Il credito per imposte pagate all’estero in ipotesi di dichiarazione omessa

Tizio, fiscalmente residente in Italia, ha lavorato nel 2017 all’estero, maturando un reddito che ha scontato le imposte nel Paese straniero, ma che doveva concorrere a tassazione anche in Italia. Tizio ha omesso di indicare tale reddito nella propria dichiarazione. La dichiarazione relativa al periodo d’imposta 2017, inoltre, è definitivamente considerata omessa.
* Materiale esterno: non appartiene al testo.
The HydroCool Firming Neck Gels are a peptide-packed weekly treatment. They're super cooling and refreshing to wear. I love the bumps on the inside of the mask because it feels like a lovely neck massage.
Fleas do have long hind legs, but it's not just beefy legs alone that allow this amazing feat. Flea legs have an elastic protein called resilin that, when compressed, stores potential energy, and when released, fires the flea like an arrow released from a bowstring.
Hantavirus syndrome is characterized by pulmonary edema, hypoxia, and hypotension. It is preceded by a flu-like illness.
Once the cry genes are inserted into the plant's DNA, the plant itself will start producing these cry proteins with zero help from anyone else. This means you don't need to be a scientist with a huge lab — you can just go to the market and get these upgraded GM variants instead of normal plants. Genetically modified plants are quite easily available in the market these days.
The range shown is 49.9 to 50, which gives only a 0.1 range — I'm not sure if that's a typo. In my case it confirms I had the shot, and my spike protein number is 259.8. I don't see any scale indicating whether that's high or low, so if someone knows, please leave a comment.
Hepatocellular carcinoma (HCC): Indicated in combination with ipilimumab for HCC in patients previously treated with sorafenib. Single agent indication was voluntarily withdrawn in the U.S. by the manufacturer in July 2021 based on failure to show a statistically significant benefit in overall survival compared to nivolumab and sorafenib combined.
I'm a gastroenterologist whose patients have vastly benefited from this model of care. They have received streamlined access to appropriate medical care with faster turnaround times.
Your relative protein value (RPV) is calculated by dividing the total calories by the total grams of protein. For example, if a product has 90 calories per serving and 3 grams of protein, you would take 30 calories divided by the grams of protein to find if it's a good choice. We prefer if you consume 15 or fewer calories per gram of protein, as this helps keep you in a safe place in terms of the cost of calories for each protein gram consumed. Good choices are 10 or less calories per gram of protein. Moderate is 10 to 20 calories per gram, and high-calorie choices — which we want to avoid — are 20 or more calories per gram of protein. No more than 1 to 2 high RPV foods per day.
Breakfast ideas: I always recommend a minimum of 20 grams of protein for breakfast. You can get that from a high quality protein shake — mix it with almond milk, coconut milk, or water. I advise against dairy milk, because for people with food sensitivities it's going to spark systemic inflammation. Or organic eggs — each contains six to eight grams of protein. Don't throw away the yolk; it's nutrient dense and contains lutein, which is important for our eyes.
In sede di accertamento l’Ufficio riconoscerà le imposte pagate all’estero come credito?


L’articolo 165 Tuir disciplina le modalità di utilizzo del credito per imposte subite all’estero su un reddito che deve concorrere a tassazione anche in Italia.

Il comma 1) prevede, infatti, che “Se alla formazione del reddito complessivo concorrono redditi prodotti all’estero, le imposte ivi pagate a titolo definitivo su tali redditi sono ammesse in detrazione dall’imposta netta dovuta fino alla concorrenza della quota d’imposta corrispondente al rapporto tra i redditi prodotti all’estero ed il reddito complessivo al netto delle perdite di precedenti periodi d’imposta ammesse in diminuzione”.